しかし「溺れる者はワラをもつかむ」という諺もありますが、「日本の固有領土」説にこだわりすぎると、時として我田引水的解釈をするエセ学者が出てくるものです。田川孝三氏はこう記しました。竹島の地は、是より高麗を見ること 恰(あたか)も雲州より隠州を見るが如くである。上記の如くであるから、すなわち、日本の乾の方の限界は此の州(州はシマの意である)なのであると釈読しなければならぬ。故に従前の諸書にも地図にも、この意味の如く解して書して来ているのである(田川孝三「竹島領有に関する歴史的考察」『東洋文庫書報20』1988,P42)。
この説は見るからに根拠薄弱であり、検討する価値も疑問ですが、それでも池内氏はまじめに次のように批判しました。
この史料解釈は、「高麗を見るに雲州より隠州を見るが如し、然らば則ち、日本の乾の地は、此州を以て限りとなすなり」の「高麗を見る」位置について、「この二島(鬱陵島と竹島/獨島ー池内注)から高麗(韓国)本土を望見する」とした韓国政府見解の誤読に対し、「鬱陵島(竹島)から見て」と訂正するものである。
しかしながら、「然則」で挟まれた前後だけを抜きだして読んだために「此州」の主語が「見高麗」の主語と一致すると錯覚し、ために「州」を「島」と読み替えざるをえなくなったのである。
ところで右に引用した文中で田川のいう「従前の諸書」「地図」とは「隠岐国古記」と長久保赤水「日本輿地路程全図」(そのなかの竹島傍注)のことである。
これらは確かに竹島(鬱陵島)から朝鮮半島が見えると記されている。しかし、そのことは、「竹島(鬱陵島)と高麗」「出雲と隠岐」それぞれが互いに視認できる位置関係にあることを示しているだけであって、竹島(鬱陵島)が日本領だなどとはどこにも書いていない。
したがって「すなわち、日本の乾の方の限界は此の州(州はシマの意である)なのであると釈読しなければならぬ」などというのは願望をそのまま決意表明したに過ぎないのである。
「州」に「島」の意味があるのは一般論としてはそのとおりである。しかし田川は、「隠州視聴合紀」中に数多くある「州」のうち右の部分だけは「島」と解さねばならないことについて、何らの客観的検討もしておらず、これでは論として成り立ちようがない。(池内敏「前近代竹島の歴史学的研究序説」『青丘学術論集』第25集,2005,P145)(中略)
恣意的な解釈は下條正男氏*6も負けないようです。
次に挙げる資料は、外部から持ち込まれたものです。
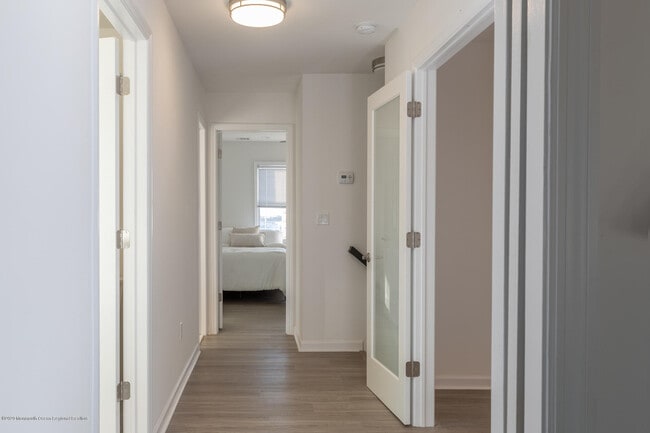 Building Photo - 502 Sunset Blvd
下條氏は愼𨉷廈氏を批判して「『隠州視聴合記』から自説に都合のよい個所だけを抜きだして解釈し、「国代記」の文章全体を読んでいなかった」と書きましたが、ご自身はどうなのか、それが問題です。池内氏は、細部は割愛しますが、下條氏をこう批判しました。下條正男説は結局のところ「見高麗 如自雲州望隠岐、然則日本之乾地 以此州為限矣」だけを抜きだして読み、誤解した、田川孝三の同じ轍を踏んでいる。
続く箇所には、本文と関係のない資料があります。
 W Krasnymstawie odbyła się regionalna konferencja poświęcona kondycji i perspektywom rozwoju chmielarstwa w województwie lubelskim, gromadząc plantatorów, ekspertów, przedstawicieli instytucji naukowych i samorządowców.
先述したように「見高麗 如自雲州望隠岐」のどこにも竹島(鬱陵島)が日本領とは書いていないばかりか、「隠州視聴合記」すべてを精読してもそのような記述は出てこない。
にもかかわらず、「『高麗を見ること雲州の隠州を望むがごとし』は、高麗(朝鮮)を見ている位置は当然日本領と認識しているわけで、竹島、鬱陵島、隠岐島の中で雲州(島根)から隠岐島を見るように朝鮮が見えるのは、鬱陵島だけしかない(下條正男「竹島問題考」『現代コリア』361,1996,P69)」とか「日本領から高麗(朝鮮)が望めるのは、「国代記」の中では鬱陵島だけである(下條正男『竹島は日韓どちらのものか』文春文庫,2004)」などとするのは、竹島(鬱陵島)を日本領とする思いこみである。
そうした思いこみの補強説明として、「『隠州視聴合記』が書かれた当時の出雲藩には、竹島(鬱陵島)を日本領として認識するだけの事情があった(下條正男『竹島は日韓どちらのものか』文春文庫,2004))」という。その主たる論拠は、米子の大谷・村川両家が竹島渡海を繰り返していた事実が『隠州視聴合記』に記載されているというところに求められている。
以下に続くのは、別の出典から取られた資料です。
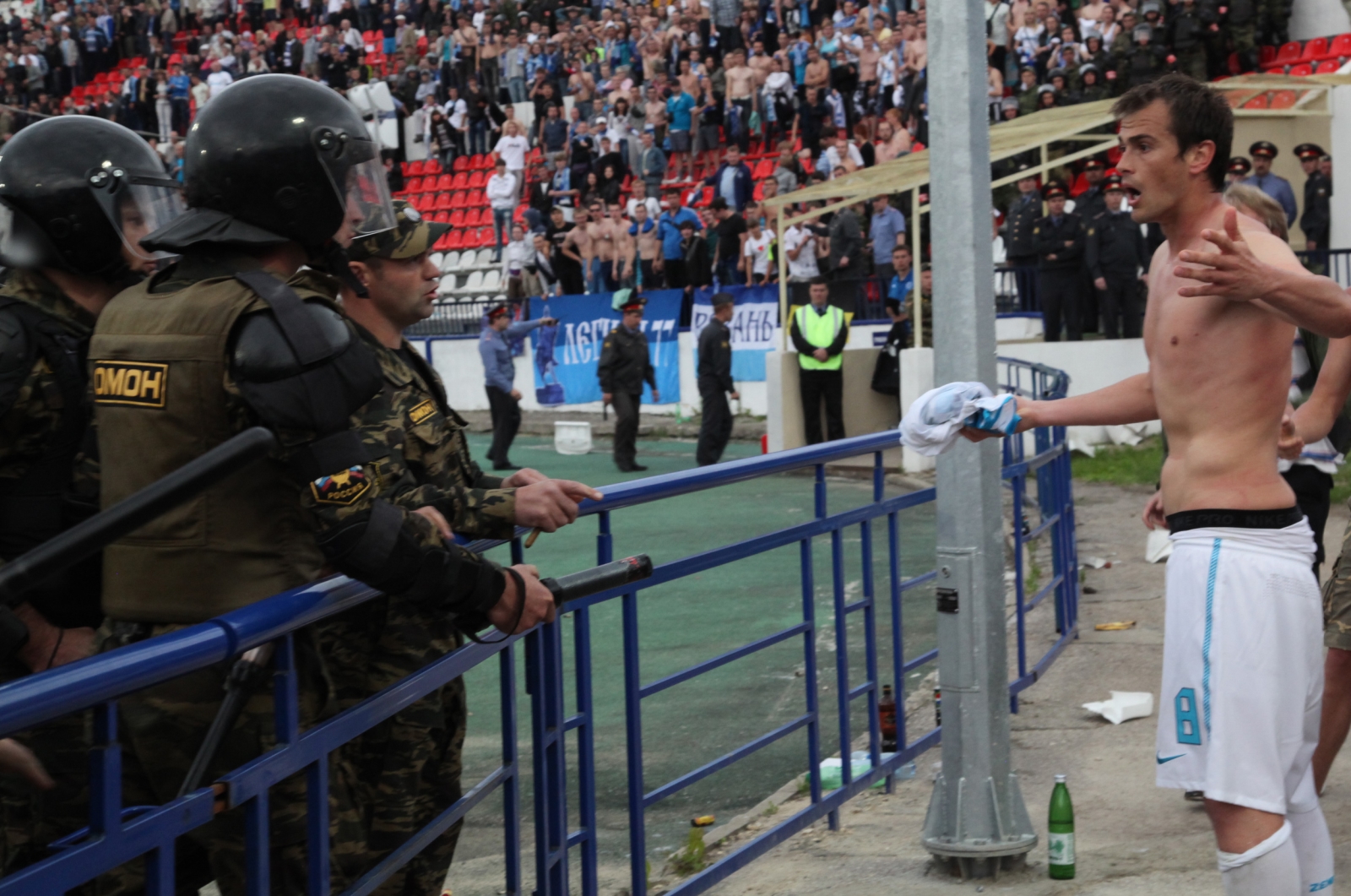 Данко Лазович подвергся нападению ОМОН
たしかに、大谷・村川両家は、「竹島渡海免許」を受けて、年に一度、竹島(鬱陵島)へ渡海し、数ヶ月同島に滞留しながら漁業活動を行った。大谷・村川両家は、竹島(鬱陵島)および松島(竹島/独島)を将軍家から拝領したと述べているから、これをもって日本領と認識したと考えがちである。
しかしながら、「竹島渡海免許」は、大谷・村川両家が同業の競合者を排除するために、旗本阿部家を介して得た「渡海免許」であり、したがって竹島(鬱陵島)へ大谷・村川家および同家に雇われた者以外は渡海できなかった。
また竹島(鬱陵島)へは毎年一度渡海したのみであって、漁期が終われば鳥取藩領に戻ったから、誰もそこに居住しなかった。こうした状態は、客観的にみたときに「日本領」であったとは言いがたい(池内敏「前近代竹島の歴史学的研究序説」『青丘学術論集』第25集,2005,P159)。池内氏は、田川氏や下條氏は「竹島(欝陵島)を日本領」とする思いこみから『隠州視聴合記』を誤読したと解釈していますが、あるいは両氏は「竹島(欝陵島)を日本領」にしたいという願望が先にたっていたのかも知れません。
(中略)
池内氏は、さらに内藤正中氏*7の説などもすべてを検討し、結論として『隠州視聴合記』は「竹島/独島の帰属を示す歴史的根拠として使用することは日韓いずれの側にとっても適当ではなく、そうした議論の現場から退くべきものなのである」と記しました。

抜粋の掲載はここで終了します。